Rahma tersenyum mendengar ungkapan hati Anis yang Sengaja di buat sedramatis mungkin, bahkan mengalahkan drama Korea.


"Memangnya hingga saat ini kau belum bisa menaklukkan asisten pribadi tuan Hantara itu??." tanya Rahma dengan tatapan menggoda.


Anis lantas menghembus napas bebas ke udara ketika mendengar pertanyaan dari Rahma. "Jangankan takluk, melirik padaku saja sepertinya pria itu enggan." ucapan Anis terkesan putus asa.

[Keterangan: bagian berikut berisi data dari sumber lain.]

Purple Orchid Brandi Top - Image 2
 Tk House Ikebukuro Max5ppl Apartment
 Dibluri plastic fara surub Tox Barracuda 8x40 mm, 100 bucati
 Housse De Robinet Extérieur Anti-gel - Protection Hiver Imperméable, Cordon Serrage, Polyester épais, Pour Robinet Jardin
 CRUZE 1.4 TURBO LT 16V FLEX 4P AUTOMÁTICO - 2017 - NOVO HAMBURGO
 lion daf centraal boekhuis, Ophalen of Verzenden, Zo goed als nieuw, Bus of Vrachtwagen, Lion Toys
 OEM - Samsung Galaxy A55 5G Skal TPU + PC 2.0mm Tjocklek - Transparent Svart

"Sepertinya kau harus lebih banyak bersabar jika menginginkan pria sedingin salju seperti pak Armada, tapi jika kau tidak sanggup apa salahnya berubah haluan mencari yang lain!!." tutur Rahma yang di akhiri dengan senyum.


"Aku juga bingung dengan sikap pria itu, apa jangan-jangan pak Armada itu kaum pelangi ya??? sebab yang aku lihat selama ini dia tidak pernah mau melirik pada wanita manapun." Anis terdengar mengungkapkan isi hatinya tentang dugaannya terhadap sosok pria bernama Armada.


Rahma dan juga Gita yang kini mendengar ungkapan Anis tampak berpikir.


"Jangan berpikir negatif dulu, belum tentu tidak suka melirik ke sembarang wanita merupakan kaum pelangi, bisa jadi pak Armada memang tidak mudah ditaklukkan." Riko yang baru saja tiba di ruangan tersebut terdengar memberi komentarnya.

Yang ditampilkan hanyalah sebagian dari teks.